#### [About this exercise]
From the first line to the last, copy the listing exactly and omit the images.

#### [Raw data]
:::::
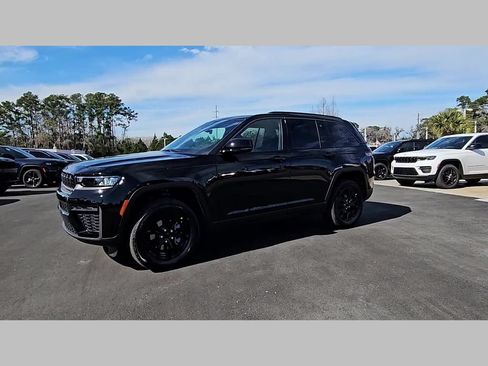 New 2026 Jeep Grand Cherokee Altitude RWD image 27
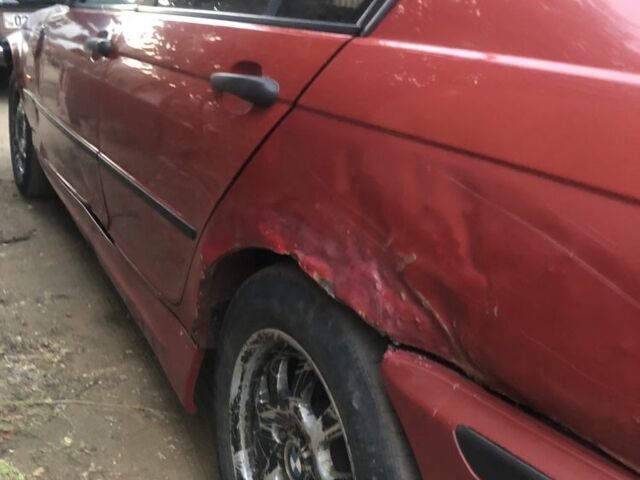 Червоний БМВ 3 Серія, об'ємом двигуна 2 л та пробігом 38 тис. км за 1300 $, фото 4 на Automoto.ua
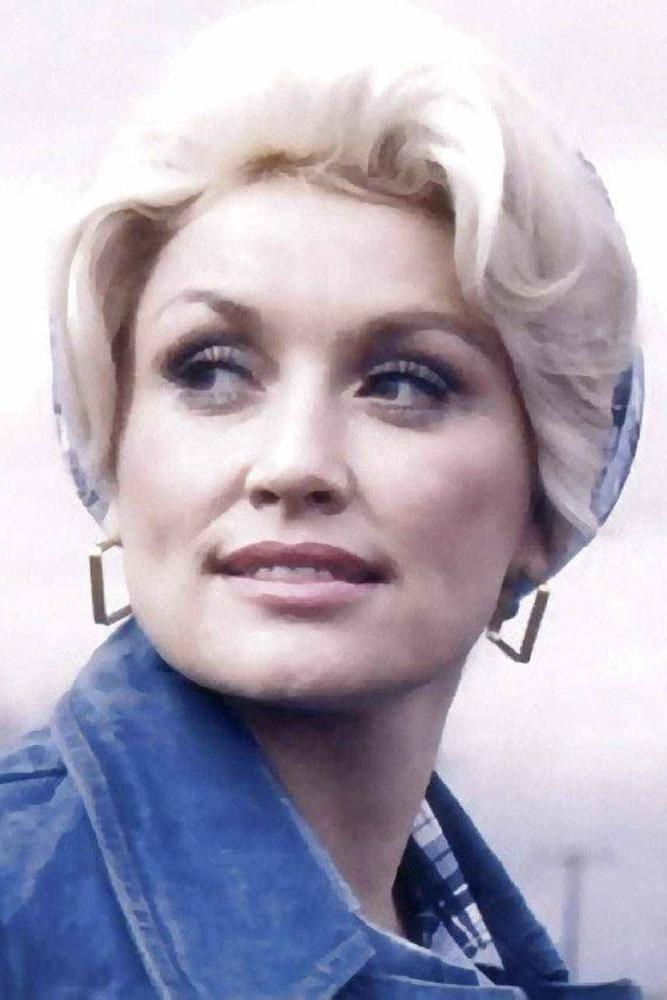 25P Young Dolly Parton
:::::
#### [Output of the task]
 New 2026 Jeep Grand Cherokee Altitude RWD image 27
 Червоний БМВ 3 Серія, об'ємом двигуна 2 л та пробігом 38 тис. км за 1300 $, фото 4 на Automoto.ua
 25P Young Dolly Parton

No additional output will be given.